Chotzner, Joseph
CHOTZNER, JOSEPH
CHOTZNER, JOSEPH (1844–1914), scholar and writer. Chotzner studied at the Jewish Theological Seminary and at the university in Breslau, where he obtained a doctorate for a Hebrew adaptation of F.M. von Bodenstedt's Die Lieder des Mirza-Schaffy (1868). From 1869 to 1880 and again from 1893 to 1897, Chotzner was minister of the *Belfast Hebrew Congregation. From 1880 to 1892, he was in charge of a "Jewish house" for boys attending the famous Harrow school. Leaving Belfast once more in 1893, Chotzner became one of the resident scholars at the rabbinical college established by Moses *Montefiore at Ramsgate (England). From 1905 he lived in retirement in London.

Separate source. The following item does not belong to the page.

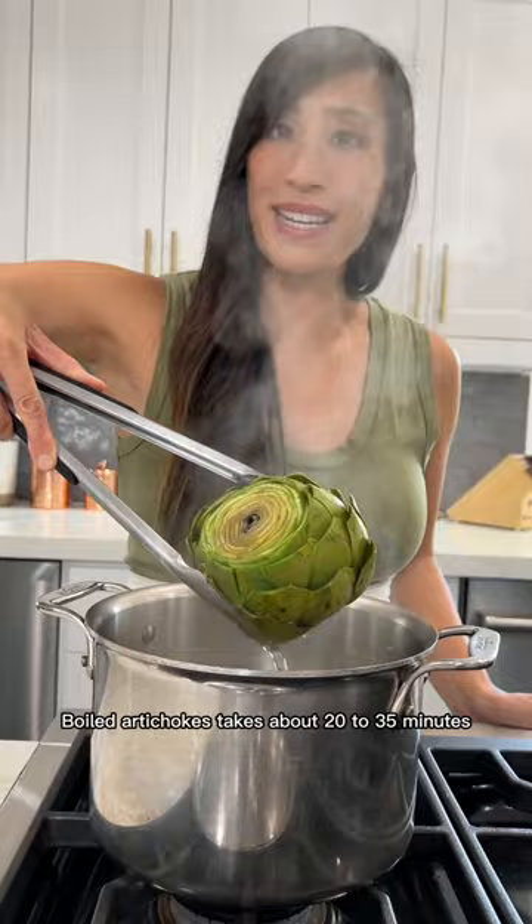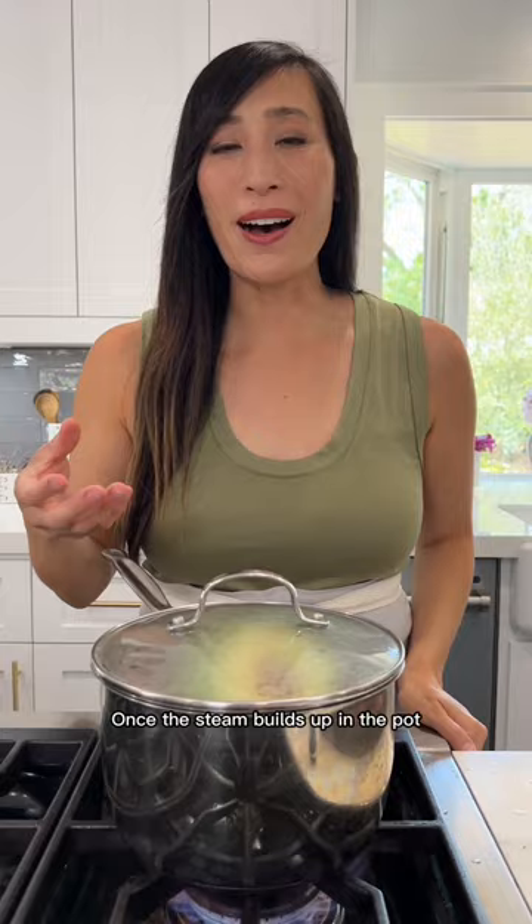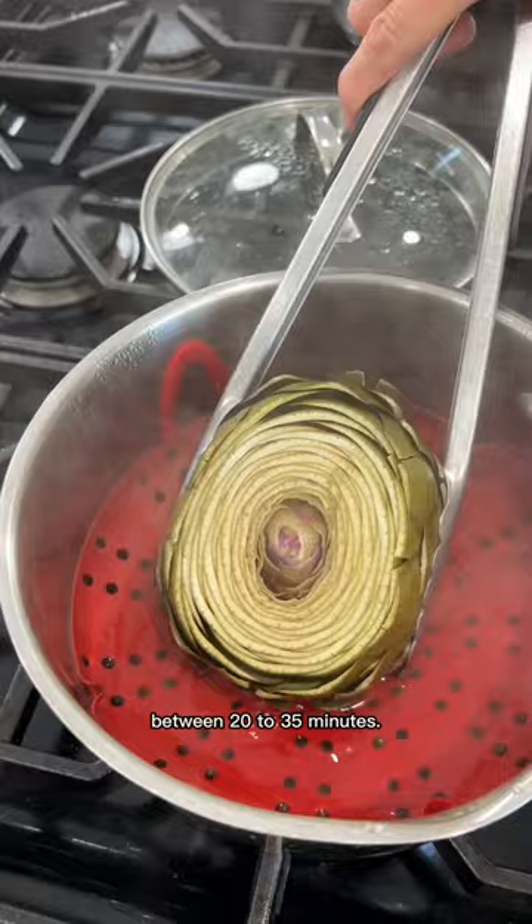To steam the artichokes, add about two inches of water to the pot, then place the steamer basket on top. Add the artichoke to the pot, cover, and turn the heat to medium-high. Once the steam builds up in the pot, then you start the cooking time. The steamed artichoke is also ready between 20 to 35 minutes.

Chotzner devoted his scholarly interests chiefly to humor and satire in Jewish literature (from the Bible to modern Hebrew writers), and he wrote on this subject a number of articles which appeared in the Jewish Quarterly Review and later in book form (Hebrew Humour and Other Essays, 1905, and Hebrew Satire, 1911). He published a small volume of humoristic essays and poems (Leil Shimmurim, 1864) and wrote his youthful memoirs (Zikhronot, 1885). Though far from being Orthodox, Chotzner opposed radical reform and showed little sympathy for Herzl's Zionism. His son alfred james (1873–1958), a graduate of Cambridge University, rose to be a High Court judge in Calcutta and a Conservative member of the British parliament from 1931 to 1934.
bibliography:
A. Carlebach, in: jhset, 21 (1968), 257ff.